[RECORDS PROVIDED — start]

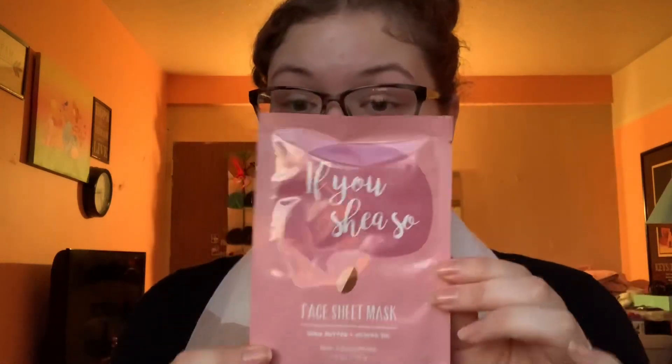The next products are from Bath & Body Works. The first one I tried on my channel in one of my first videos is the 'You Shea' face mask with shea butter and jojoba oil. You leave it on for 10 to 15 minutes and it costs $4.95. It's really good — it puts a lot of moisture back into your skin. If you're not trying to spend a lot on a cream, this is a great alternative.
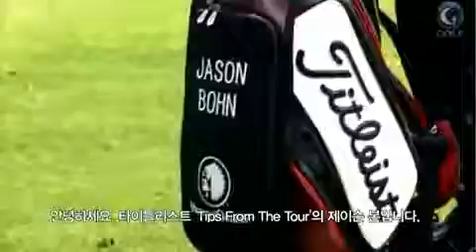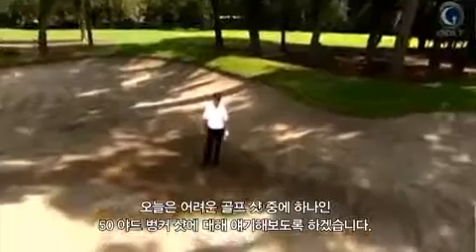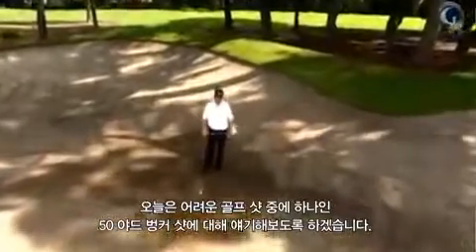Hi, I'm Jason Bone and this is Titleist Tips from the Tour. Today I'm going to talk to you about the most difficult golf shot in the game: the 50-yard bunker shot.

[RECORDS PROVIDED — finish]
[RECORDS PROVIDED — start]

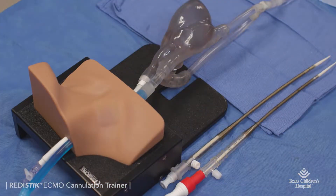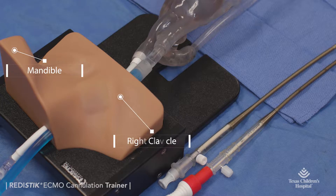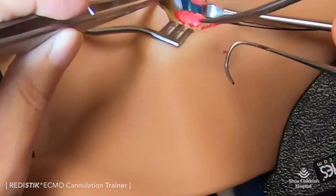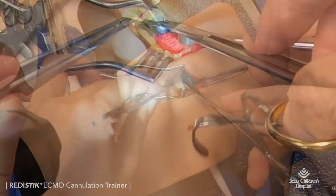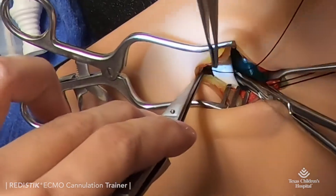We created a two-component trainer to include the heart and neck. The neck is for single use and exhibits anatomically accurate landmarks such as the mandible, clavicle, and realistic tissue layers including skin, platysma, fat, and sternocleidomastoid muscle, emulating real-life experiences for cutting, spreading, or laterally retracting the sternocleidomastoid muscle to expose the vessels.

[RECORDS PROVIDED — finish]

Could the stretch from the line with "The next products" through the line with "Hi, I'm Jason" in the listing above be restated word for word, minus the pictures?

The next products are from Bath & Body Works. The first one I tried on my channel in one of my first videos is the 'You Shea' face mask with shea butter and jojoba oil. You leave it on for 10 to 15 minutes and it costs $4.95. It's really good — it puts a lot of moisture back into your skin. If you're not trying to spend a lot on a cream, this is a great alternative.
Hi, I'm Jason Bone and this is Titleist Tips from the Tour. Today I'm going to talk to you about the most difficult golf shot in the game: the 50-yard bunker shot.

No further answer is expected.